19-08-2009, 06:19:14

VonBlade
My answer is definitely 2. However a few things spring to mind about this particular PC (and understand I accept this low price-point means compromises) :

• Gigabyte GA770T-UD3P Socket AM3 Motherboard - Once again a bottom end Gigabyte board used in a Prebuilt.

• HIS Radeon HD 4870 512mb Graphics Card - Very reasonable bang for buck

• Samsung 750GB 7200RPM SATA 3.0GB/s HDD - Only 750GB when 1TB is about a fiver more?

• NZXT Hush Alumium ATX Mid Tower Chassis - Case by Bobs budget cases

• HEC 550W ATX2.0 Power Supply Unit - Stupidly cheap barely adequate PSU as per usual

• 10 x USB Ports (8x Rear / 2x Side) • 8 Channel Realtek ALC888 - Both these features are part of the motherboard so...

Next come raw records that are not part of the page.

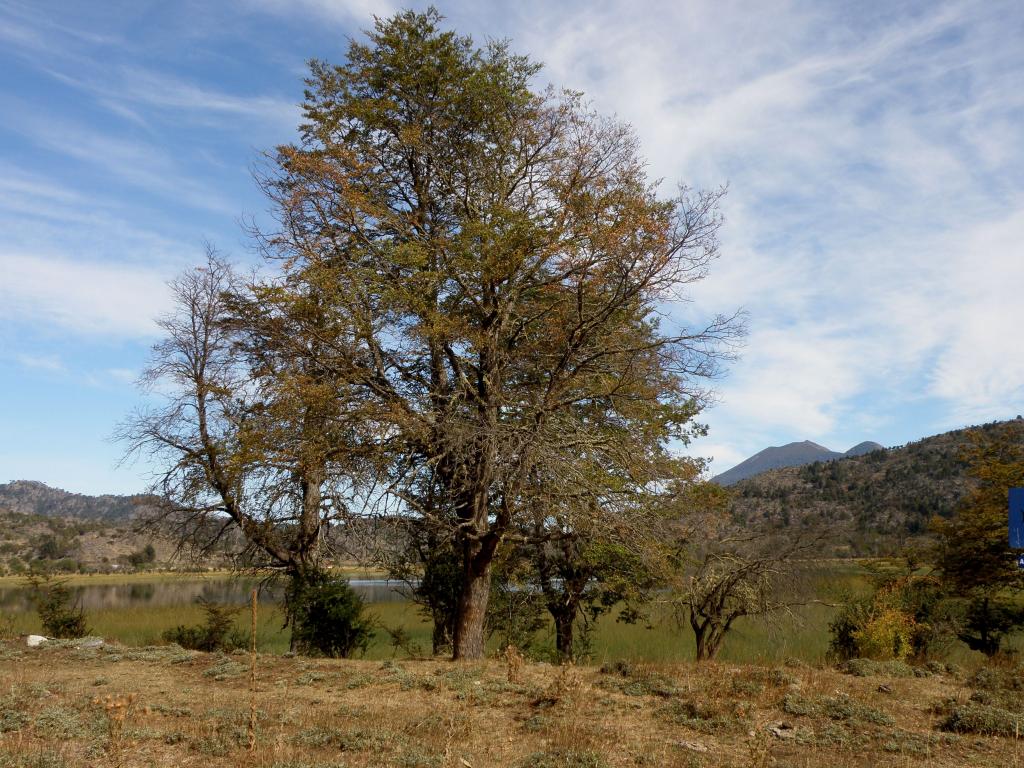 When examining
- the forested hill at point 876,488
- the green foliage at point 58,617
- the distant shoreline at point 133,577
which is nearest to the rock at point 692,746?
the green foliage at point 58,617

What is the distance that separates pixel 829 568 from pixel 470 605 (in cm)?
1202

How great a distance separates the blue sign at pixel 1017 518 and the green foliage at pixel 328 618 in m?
11.4

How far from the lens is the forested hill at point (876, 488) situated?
5700cm

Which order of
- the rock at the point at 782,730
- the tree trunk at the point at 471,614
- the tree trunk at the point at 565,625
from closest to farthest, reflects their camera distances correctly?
1. the rock at the point at 782,730
2. the tree trunk at the point at 471,614
3. the tree trunk at the point at 565,625

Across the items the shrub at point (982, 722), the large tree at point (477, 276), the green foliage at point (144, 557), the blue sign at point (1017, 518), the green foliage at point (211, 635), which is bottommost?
the green foliage at point (144, 557)

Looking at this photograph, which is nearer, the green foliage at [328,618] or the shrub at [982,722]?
the shrub at [982,722]

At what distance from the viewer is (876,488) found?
220ft

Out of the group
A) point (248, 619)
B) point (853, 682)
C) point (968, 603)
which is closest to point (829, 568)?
point (968, 603)

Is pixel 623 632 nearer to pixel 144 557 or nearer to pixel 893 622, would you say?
pixel 893 622

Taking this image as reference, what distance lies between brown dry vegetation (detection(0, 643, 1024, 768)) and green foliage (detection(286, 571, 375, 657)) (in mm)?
2583

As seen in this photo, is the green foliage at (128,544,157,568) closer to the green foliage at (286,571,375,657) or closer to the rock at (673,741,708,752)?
the green foliage at (286,571,375,657)

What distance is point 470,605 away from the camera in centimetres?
1366

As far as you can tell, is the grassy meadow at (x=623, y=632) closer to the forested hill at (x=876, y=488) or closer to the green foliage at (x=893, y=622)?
the green foliage at (x=893, y=622)

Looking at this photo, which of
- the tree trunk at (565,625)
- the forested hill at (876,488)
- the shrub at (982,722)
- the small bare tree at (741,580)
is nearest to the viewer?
the shrub at (982,722) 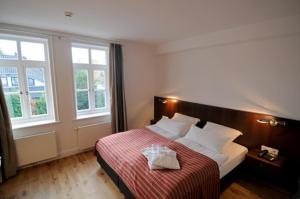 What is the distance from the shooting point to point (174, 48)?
3.42m

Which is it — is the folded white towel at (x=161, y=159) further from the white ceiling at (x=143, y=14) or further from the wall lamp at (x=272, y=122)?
the white ceiling at (x=143, y=14)

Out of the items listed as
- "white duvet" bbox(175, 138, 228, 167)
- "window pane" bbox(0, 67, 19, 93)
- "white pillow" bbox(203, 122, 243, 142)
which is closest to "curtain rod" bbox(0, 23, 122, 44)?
"window pane" bbox(0, 67, 19, 93)

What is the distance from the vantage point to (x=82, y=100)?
3305 millimetres

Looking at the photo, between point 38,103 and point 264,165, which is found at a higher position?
point 38,103

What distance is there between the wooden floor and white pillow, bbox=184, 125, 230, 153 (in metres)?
0.61

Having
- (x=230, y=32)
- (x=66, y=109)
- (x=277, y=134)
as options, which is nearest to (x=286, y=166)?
(x=277, y=134)

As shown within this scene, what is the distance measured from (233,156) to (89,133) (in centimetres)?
272

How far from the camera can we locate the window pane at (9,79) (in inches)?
98.6

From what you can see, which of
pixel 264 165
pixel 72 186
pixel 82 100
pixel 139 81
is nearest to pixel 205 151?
pixel 264 165

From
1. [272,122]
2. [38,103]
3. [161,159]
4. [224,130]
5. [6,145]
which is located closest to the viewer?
[161,159]

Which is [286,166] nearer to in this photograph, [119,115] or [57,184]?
[119,115]

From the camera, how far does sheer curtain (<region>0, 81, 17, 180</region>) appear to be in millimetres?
2293

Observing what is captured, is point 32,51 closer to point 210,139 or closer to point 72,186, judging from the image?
point 72,186

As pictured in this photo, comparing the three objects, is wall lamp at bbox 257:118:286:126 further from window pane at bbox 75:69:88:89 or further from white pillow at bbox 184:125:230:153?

Now don't get me wrong. It's a lot of PC at that price-point. But the moment I see a bottom end mobo and PSU combination you know that the manu isn't trying for good value for those of us who build our own because of the terrible pre-built specs available, as the review implies, rather they are trying to woo the "big numbers in PC World" brigade.

So what it's got a Phenom II and reasonable RAM. The HD is smaller than necessary considering the miniscule price differential, the PSU is woeful and leaves no room for upgrades, the case is out of a Fisher Price packet and whilst it is a Logitech kb/mouse combo it's the bottom end one again.

Ok I'll stop. Kudos to MESH for trying and, to the right audience, succeeding at a great price. I just think the review tried too hard to sell it to the home-builders amongst us when none of us would probably choose any of those parts ourselves, and we all know the value of a great mobo/PSU as the foundation for a system.

/curmudgeon mode off.

VBQuote

19-08-2009, 06:38:03

PeterStoba
Quote:
Originally Posted by name='Jim'
Ever considered returning to prebuilt computers?
No, bye.

It is a nice review though, and odd that is costs less than building it yourself, never seen that before.Quote

19-08-2009, 06:58:20

Rastalovich
It's good.

Pricing wize, giving it a comparison with those other prebuilt pcs out there, I'd stick this somewhere at the top.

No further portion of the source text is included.